@waifu tbh you can run stable diffusion on a mid-range card pretty easy
@waifu There's text-generation-webui which is pretty good. I use it as a backend for Sillytavern which has a much nicer interface. There's a bunch of uncensored models on huggingface that'll let you do whatever. They're great. One of the reasons I started running them locally. Each has like it's own flavour, I guess.
IDK what card you have, but if you have ~6GB of VRAM, you might be able to run a quantized 7B parameter model pretty comfortably. 7B is the ground floor in terms of model size, but it's more than sufficient to get you going. Silicone Maid is a pretty good lewd 7B in my tests. You might find some success with it.
TheBloke also makes quants for every model under the sun, which are like compressed versions of a model. Quants are much easier to load and move around than the raw models and they usually don't get borked in the process.
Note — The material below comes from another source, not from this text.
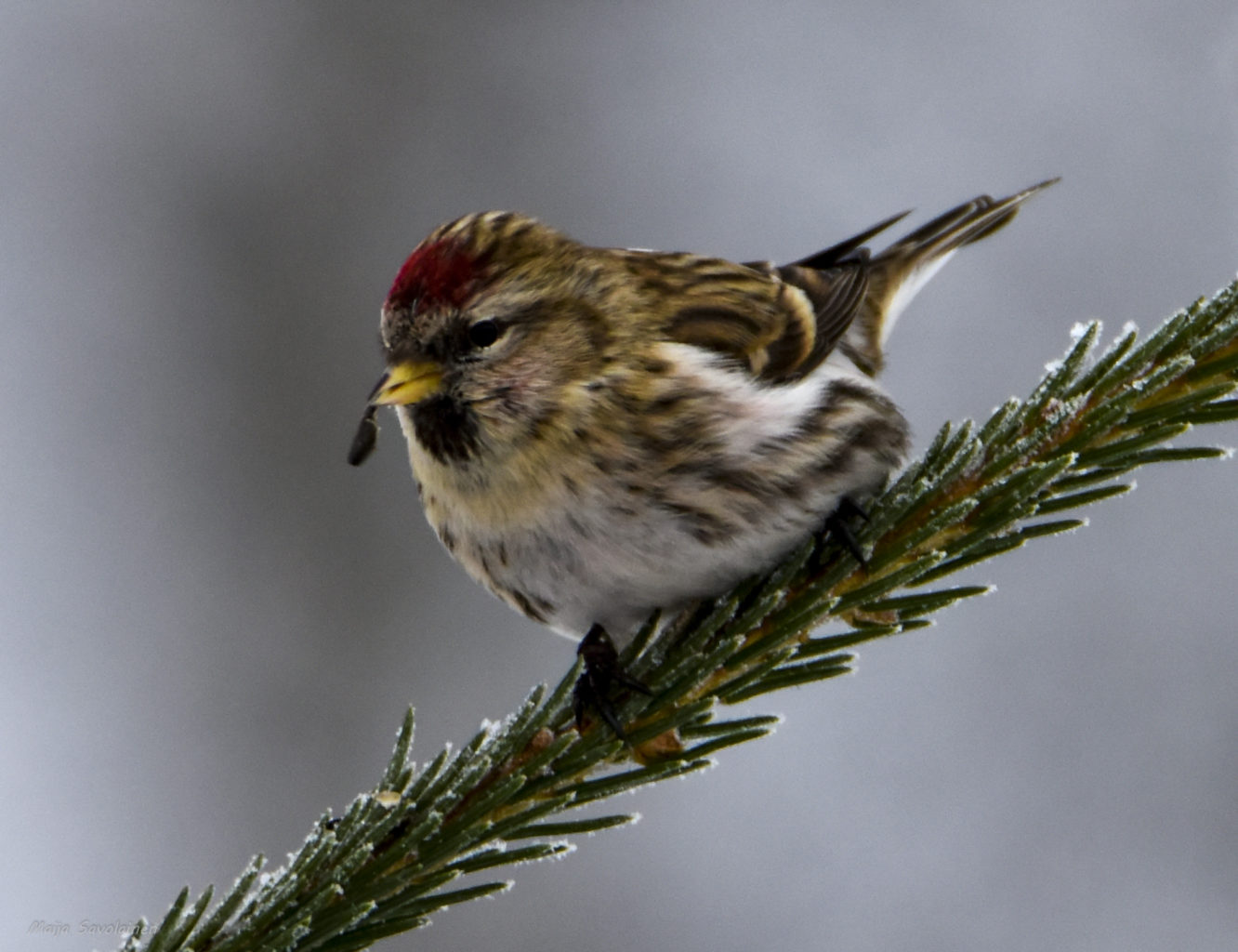 Valokuvaaja: Maija Savolainen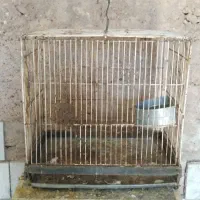 قفس ترقه و قناری|لوازم جانبی حیوانات|شیراز, حجت آباد|دیوار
@waifu @VD15 LLammaCPP can split the model between your GPU and CPU so you can maybe run 1-2 layers on your GPU and rest on your CPU. With a quantized (https://huggingface.co/TheBloke/Silicon-Maid-7B-GGUF) small model it shouldn't be super slow.
@matrix @waifu Pure CPU inference speed with that model isn't bad on my 16 thread ryzen, actually. That's like a comfortable reading speed for me.